If a line in the entries below holds the string "living", copy it.

[Stored entries]
• • • •

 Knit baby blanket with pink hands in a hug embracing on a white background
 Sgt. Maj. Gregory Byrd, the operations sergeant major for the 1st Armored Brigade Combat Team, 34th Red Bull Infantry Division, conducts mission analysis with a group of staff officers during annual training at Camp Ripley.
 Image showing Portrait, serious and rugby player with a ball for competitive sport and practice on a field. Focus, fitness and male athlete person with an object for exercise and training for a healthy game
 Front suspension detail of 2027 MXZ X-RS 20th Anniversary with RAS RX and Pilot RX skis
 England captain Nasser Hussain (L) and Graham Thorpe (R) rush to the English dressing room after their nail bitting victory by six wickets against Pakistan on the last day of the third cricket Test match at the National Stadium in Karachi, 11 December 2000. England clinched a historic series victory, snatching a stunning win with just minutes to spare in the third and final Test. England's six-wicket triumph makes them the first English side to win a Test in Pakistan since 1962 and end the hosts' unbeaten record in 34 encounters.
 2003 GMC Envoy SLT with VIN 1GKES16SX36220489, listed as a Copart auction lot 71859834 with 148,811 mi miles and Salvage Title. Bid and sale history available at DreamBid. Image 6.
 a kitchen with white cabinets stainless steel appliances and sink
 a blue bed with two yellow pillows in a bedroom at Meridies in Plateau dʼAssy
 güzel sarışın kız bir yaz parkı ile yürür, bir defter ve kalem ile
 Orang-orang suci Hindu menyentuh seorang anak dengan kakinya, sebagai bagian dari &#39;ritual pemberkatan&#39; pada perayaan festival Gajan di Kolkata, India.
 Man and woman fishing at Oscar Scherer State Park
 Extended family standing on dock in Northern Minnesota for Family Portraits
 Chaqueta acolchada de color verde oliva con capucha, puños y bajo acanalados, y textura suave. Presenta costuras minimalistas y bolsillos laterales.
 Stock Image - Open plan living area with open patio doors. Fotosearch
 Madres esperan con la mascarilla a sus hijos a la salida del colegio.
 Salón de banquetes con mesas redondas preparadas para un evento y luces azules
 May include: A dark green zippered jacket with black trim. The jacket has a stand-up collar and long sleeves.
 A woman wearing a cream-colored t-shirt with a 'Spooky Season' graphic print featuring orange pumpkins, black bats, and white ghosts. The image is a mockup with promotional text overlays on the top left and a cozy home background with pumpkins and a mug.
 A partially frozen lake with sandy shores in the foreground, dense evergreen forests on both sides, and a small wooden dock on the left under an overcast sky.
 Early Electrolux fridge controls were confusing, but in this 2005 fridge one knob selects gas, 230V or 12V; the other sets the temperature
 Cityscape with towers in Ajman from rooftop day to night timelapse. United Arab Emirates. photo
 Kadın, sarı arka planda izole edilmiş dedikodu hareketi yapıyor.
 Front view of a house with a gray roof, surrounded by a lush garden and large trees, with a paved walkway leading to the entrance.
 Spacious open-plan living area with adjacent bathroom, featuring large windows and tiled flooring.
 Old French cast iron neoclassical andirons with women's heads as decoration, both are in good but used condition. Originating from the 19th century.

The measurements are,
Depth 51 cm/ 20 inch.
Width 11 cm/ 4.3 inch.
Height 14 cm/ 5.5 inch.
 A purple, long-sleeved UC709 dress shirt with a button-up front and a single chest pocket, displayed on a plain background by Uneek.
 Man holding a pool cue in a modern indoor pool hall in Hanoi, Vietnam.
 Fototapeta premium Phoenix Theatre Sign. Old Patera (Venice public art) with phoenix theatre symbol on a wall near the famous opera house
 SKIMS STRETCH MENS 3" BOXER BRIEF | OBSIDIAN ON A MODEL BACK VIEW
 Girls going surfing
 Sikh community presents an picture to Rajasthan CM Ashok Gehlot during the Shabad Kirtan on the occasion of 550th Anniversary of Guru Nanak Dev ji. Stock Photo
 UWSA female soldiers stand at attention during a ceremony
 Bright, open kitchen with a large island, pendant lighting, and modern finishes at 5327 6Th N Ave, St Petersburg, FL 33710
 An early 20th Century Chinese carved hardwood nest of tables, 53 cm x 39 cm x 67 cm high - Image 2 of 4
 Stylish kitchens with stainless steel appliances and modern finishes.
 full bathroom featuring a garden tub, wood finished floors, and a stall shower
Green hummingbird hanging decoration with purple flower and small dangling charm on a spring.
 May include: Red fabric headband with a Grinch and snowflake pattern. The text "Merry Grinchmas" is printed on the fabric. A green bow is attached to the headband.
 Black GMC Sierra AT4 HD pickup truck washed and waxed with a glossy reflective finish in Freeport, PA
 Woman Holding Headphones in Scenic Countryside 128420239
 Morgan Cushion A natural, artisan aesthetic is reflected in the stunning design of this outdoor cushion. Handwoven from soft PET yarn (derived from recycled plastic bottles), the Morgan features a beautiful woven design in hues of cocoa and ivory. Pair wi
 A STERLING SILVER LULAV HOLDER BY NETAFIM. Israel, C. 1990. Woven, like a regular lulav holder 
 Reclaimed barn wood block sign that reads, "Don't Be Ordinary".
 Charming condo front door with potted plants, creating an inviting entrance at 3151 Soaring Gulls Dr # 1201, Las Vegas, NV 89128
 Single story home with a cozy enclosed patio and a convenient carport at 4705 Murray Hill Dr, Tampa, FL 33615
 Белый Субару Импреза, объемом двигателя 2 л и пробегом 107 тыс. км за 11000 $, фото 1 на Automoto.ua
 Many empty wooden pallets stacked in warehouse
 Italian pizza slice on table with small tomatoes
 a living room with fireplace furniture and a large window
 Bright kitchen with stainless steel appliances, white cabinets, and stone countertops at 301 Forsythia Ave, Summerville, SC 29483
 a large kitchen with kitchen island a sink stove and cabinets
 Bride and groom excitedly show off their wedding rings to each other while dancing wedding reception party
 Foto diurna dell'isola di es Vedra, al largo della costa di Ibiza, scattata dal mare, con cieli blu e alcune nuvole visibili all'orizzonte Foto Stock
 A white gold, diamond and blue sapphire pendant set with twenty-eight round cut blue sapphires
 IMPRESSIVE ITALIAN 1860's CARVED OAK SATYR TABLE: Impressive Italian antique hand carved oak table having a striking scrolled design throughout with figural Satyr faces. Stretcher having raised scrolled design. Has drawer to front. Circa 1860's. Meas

• • • •

[Written response]:
 Stock Image - Open plan living area with open patio doors. Fotosearch
 Spacious open-plan living area with adjacent bathroom, featuring large windows and tiled flooring.
 a living room with fireplace furniture and a large window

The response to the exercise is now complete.